Throughout the year, students are tasked with managing their schedules and have to decide how to use their free time, whether working or socializing. Some use their free periods to attend their teachers’ office hours, while others prefer to wind down by playing video games and chatting with friends.
High School math teacher Joseph Scroll has been teaching at Lab for 17 years, and like the other faculty in the math department, encourages students to seek assistance outside of class.
Mr. Scroll: “What we try to do is that, you know, we’ve tried to make lots of resources available at school to help students, so that they don’t need any outside resources. The fact is a lot of those resources don’t get used as much as we would like.”
One of those resources include the recently added extra help program, where math teachers hold open office hours during lab periods, free periods or lunch.

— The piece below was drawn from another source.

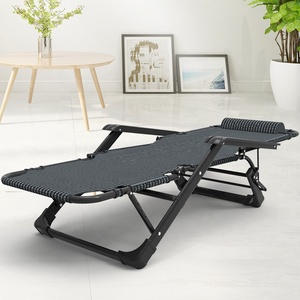<span class=keywords><strong>Chaise</strong></span> <span class=keywords><strong>longue</strong></span> <span class=keywords><strong>pliante</strong></span> inclinable extérieure légère <span class=keywords><strong>chaise</strong></span> <span class=keywords><strong>longue</strong></span> de jardin camping lit pliant - Product Image 3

There, students receive math help from their teachers and peers alike.
[Chatter of students in a math help session]
Students are given free time during the lab periods on non-co-curricular weeks, and many have at least one free period during the school day. Yet, the extra math help program isn’t attended as much as the math department expected.
Mr. Scroll: “Oftentimes when I’m walking the hall, I do see lots of students that have free time that have trouble managing it. I also understand that a lot of times when students have free time, they need time to unwind and relax. They wanna, you know, enjoy the social parts of school.”
Junior Ilana LaCroix-Birdthistle, a Lab “lifer,” feels Lab’s expectations are reasonable, but says those expectations have been instilled in her since she was in preschool.
Ilana LaCroix-Birdthistle: “I definitely think when we’re in middle school or younger, it’s very hard to get yourself to wanna do that, and I think that’s kind of an area where teachers should be reaching out more to you.”
Even now, stress about her future, combined with the large workload from her classes, can make it hard to motivate herself to reach out to teachers on her own. While the work she does in school is preparing her well for college and beyond, the pressure to stay on top of everything has been present all her life.
Ilana LaCroix-Birdthistle: “The conversation surrounding college has been something that I probably wouldn’t experience at a different school just, like, from such a young age. I think the working for college has only really started maybe last year or this year, but I think before that, there’s always this kind of, like, stress surrounding college that I was aware of from a pretty young age.”
Unlike Ilana, Junior Zlata Galenko moved to the United States from Russia as a ninth grader and started as a sophomore at Lab in 2023. Compared to her old schools, she feels Lab has a strong support system, but that the workload and academic expectations are too high. She wishes there was more time to explore each topic in-depth, which could eliminate the need for students to seek extra help outside of class entirely.
Zlata Galenko: “It sets a standard that is not met, and cannot be met, because of how the material and the lessons is shown. Like, for example, we have a lot of stuff in our programs — in our math program, in the chemistry program, science programs — that physically cannot be, like, grasped in one year. You can go over it, but it won’t be deep learning. You won’t, like, remember a lot of stuff.”
“Reporting for the U-High Midway, this is Skye Freeman.”